I wanted to review this book because it’s a reporter’s memoir and a good one, by someone who’s been everywhere and met seemingly every interesting person in the North.
But Jim Bell over at Nunatsiaq News beat me to it, and his review of this “big-hearted” book sums it up so well that I’m going to defer to him entirely.
“An expression of abiding love for northern Canada and its people, True North Rising is an irresistible collection of stories, rants, and intimate confessions,” Bell writes. I urge you to read his full review here.
Whit Fraser, if you didn’t know, spent several years with the CBC, starting in Iqaluit (then Frobisher Bay) and then Yellowknife, where he wound up running the CBC’s coverage of the Berger Inquiry into the Mackenzie Valley Pipeline. He later became the founding chairman of the Canadian Polar Commission and later still, executive director of Inuit Tapiriit Kanatami. He also married Mary Simon, the well-known international figure from Nunavik, the love story with whom Fraser includes in his book.
Bell’s review cuts right to the juicy chase, including Fraser’s mic-dropping account of the time he threw his reporter’s pencil down and gave his own testimony at the pipeline inquiry he was supposed to be covering, causing a storm of protest in which the CBC ultimately backed Fraser.
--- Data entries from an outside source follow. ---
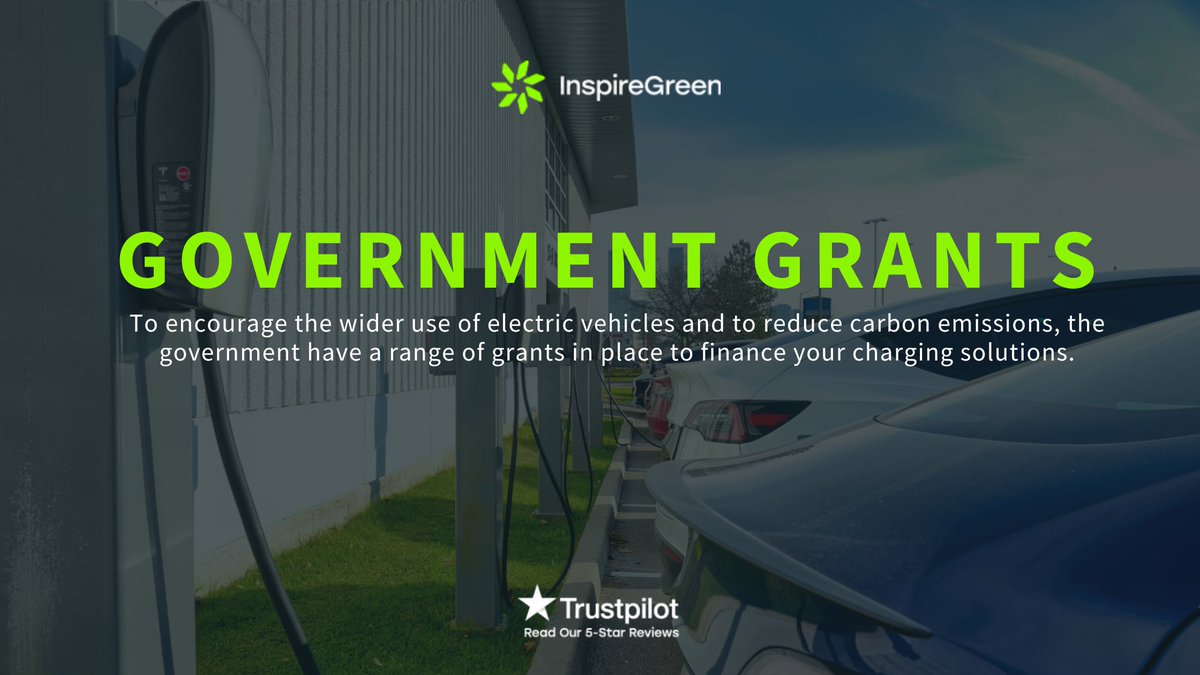 #GovernmentGrants for #EVChargers

To encourage the wider use of electric vehicles and to reduce carbon emissions, the government have a range of grants in place to finance your charging solutions.

Get in touch to find out more!
📱 02922 520033
📧 hello@inspiregreen.co.uk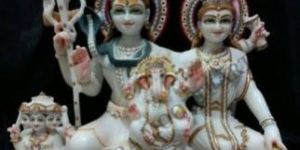 Marble Shiv Parivar Statue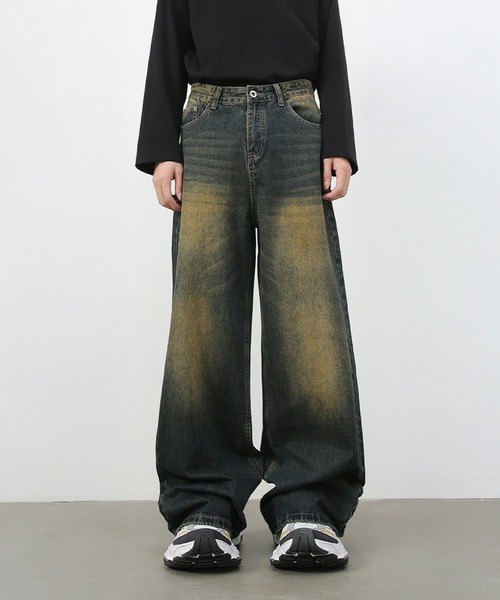 CORPUS TOKYO（コーパス トーキョー）の「ワイドレングスヴィンテージデニム（デニムパンツ・メンズ・ブルー/ブラック/ライトブルー/インディゴブルー/グレー・1/2/4/3）」の14枚目の写真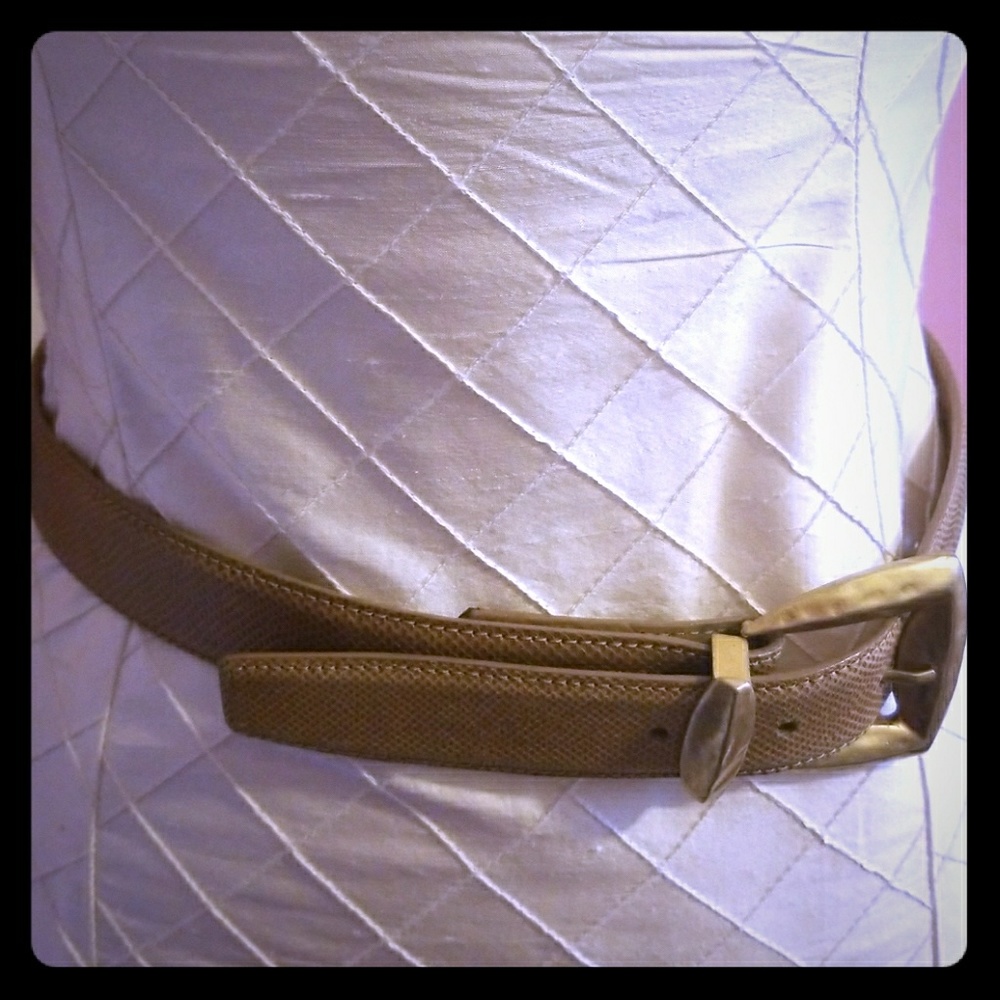 Vintage Via Condotti Reptile Skin Size Small Belt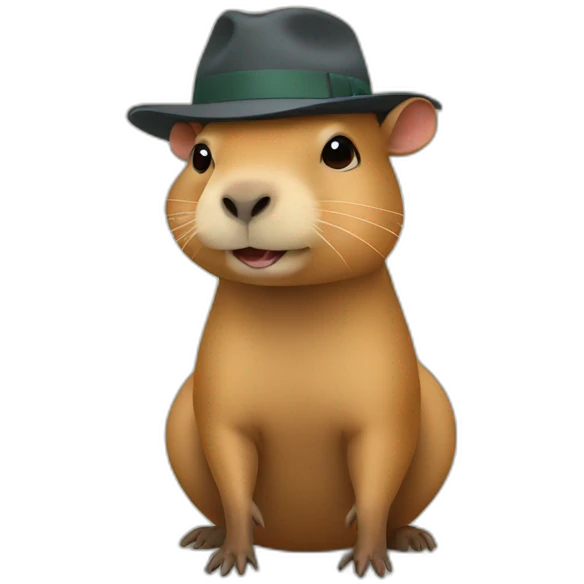 capybara  in hat emoji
[This incident, actually, is a good microcosm of Fraser’s approach in general. Impassioned by a sense of injustice he feared might actually win out — this happened at a hearing in pro-pipeline Norman Wells — he impulsively gave a speech in support of the Indigenous anti-pipeline view without pausing to consider the consequences. He never renounced this view either, though he admits in his memoir, somewhat bashfully, to having not spoken about it in 40 years, knowing himself, now, to have been fairly egregiously in the wrong professionally at this moment.
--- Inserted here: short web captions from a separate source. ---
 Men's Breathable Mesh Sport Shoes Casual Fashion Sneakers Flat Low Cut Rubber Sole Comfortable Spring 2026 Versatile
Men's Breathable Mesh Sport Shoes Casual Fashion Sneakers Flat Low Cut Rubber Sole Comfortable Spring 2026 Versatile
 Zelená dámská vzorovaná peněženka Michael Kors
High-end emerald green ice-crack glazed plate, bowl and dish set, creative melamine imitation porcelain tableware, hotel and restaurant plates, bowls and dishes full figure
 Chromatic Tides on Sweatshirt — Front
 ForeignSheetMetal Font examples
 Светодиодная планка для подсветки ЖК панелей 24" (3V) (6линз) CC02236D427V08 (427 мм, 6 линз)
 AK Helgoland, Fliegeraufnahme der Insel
[Also: while I was aware of the stark racial divide on display during this inquiry, Fraser’s book is the first I’ve heard of a White Power North of 60 group that formed in response to the Indian Brotherhood (later the Dene Nation), but Fraser only mentions it to point out that N.W.T. Commissioner Stuart Hodgson failed to denounce it. I can’t recall reading about this anywhere else.]
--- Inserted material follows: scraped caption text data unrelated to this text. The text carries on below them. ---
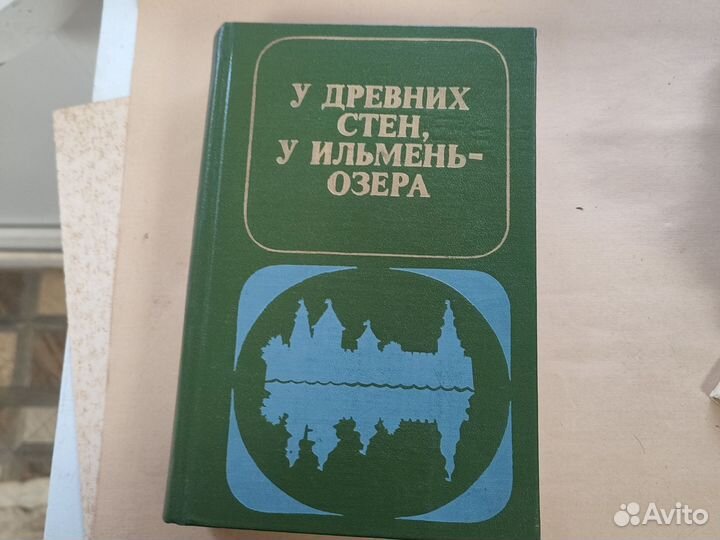Книга у древних стен у Ильмень Озера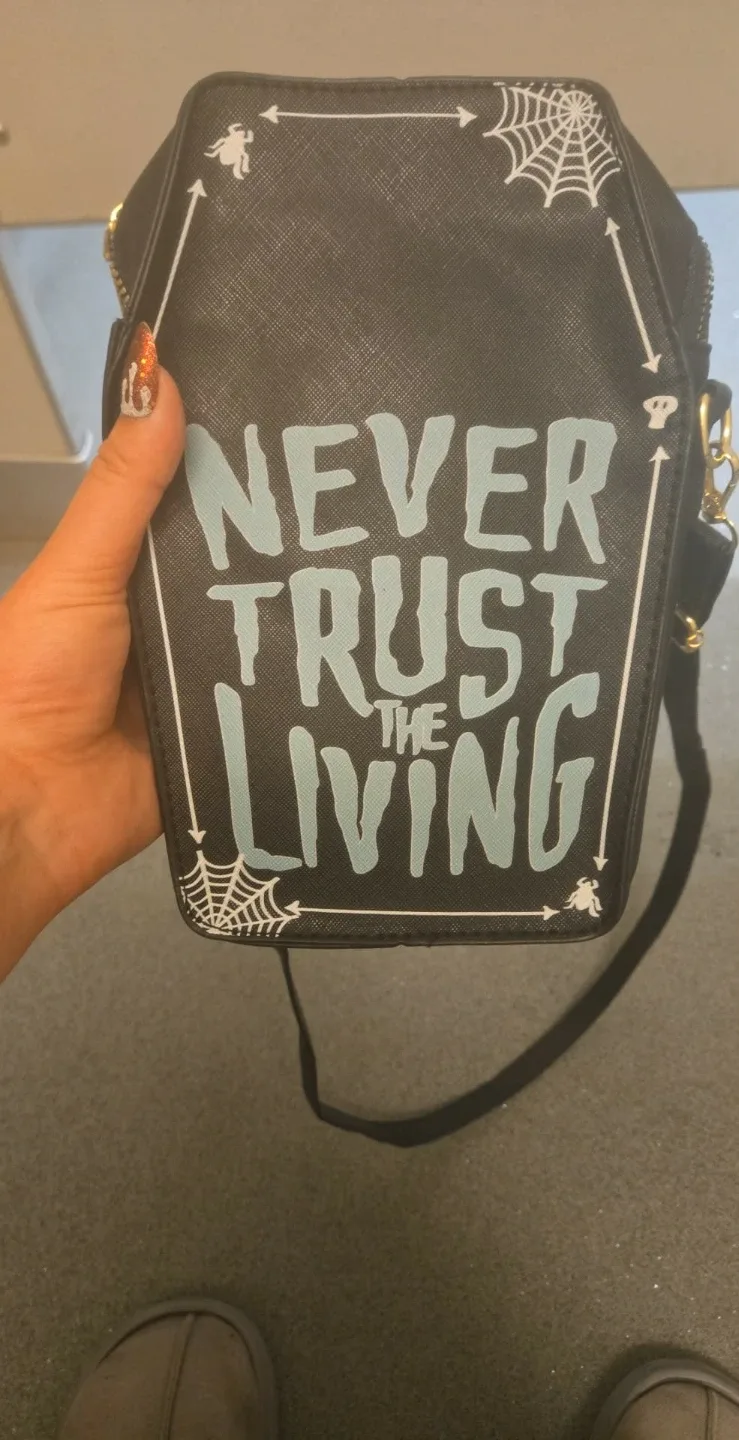 Coffin Shaped Crossbody Bag - Never Trust the Living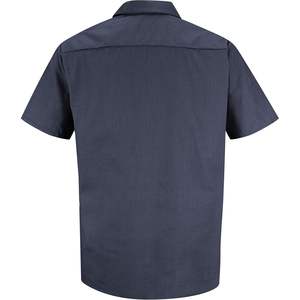 Custom Performance Tech 7 Button Workwear Camisa Roja para Hombre - Product Image 2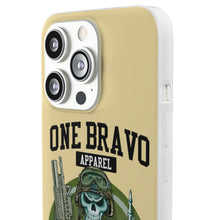 Load image into Gallery viewer, One Bravo Skeleton Middle Finger Flexi Phone Case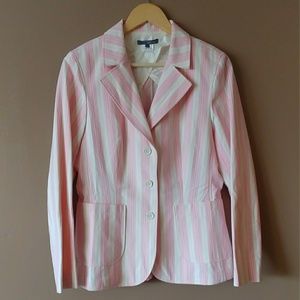 Teenflow 💜 Pink Stripes Blazer
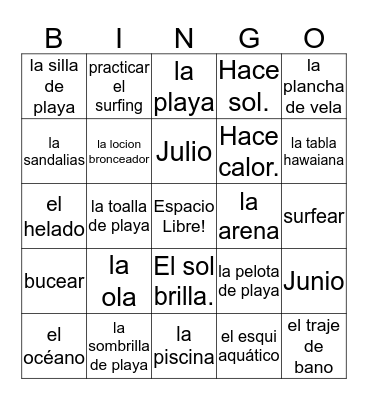 ¡Loteria! Bingo Card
Jim Bell is too kind to mention the typos that riddle the second half of this book, including names, places, you name it.
But don’t let that deter you. Whit Fraser’s written a giant, open love letter to the North, a charming and absorbing romp through many of the most important political developments of the past fifty years.
To quote Bell again, “Those insights into a turbulent period that’s now passed into history make this a must read for anyone interested in northern Canada.”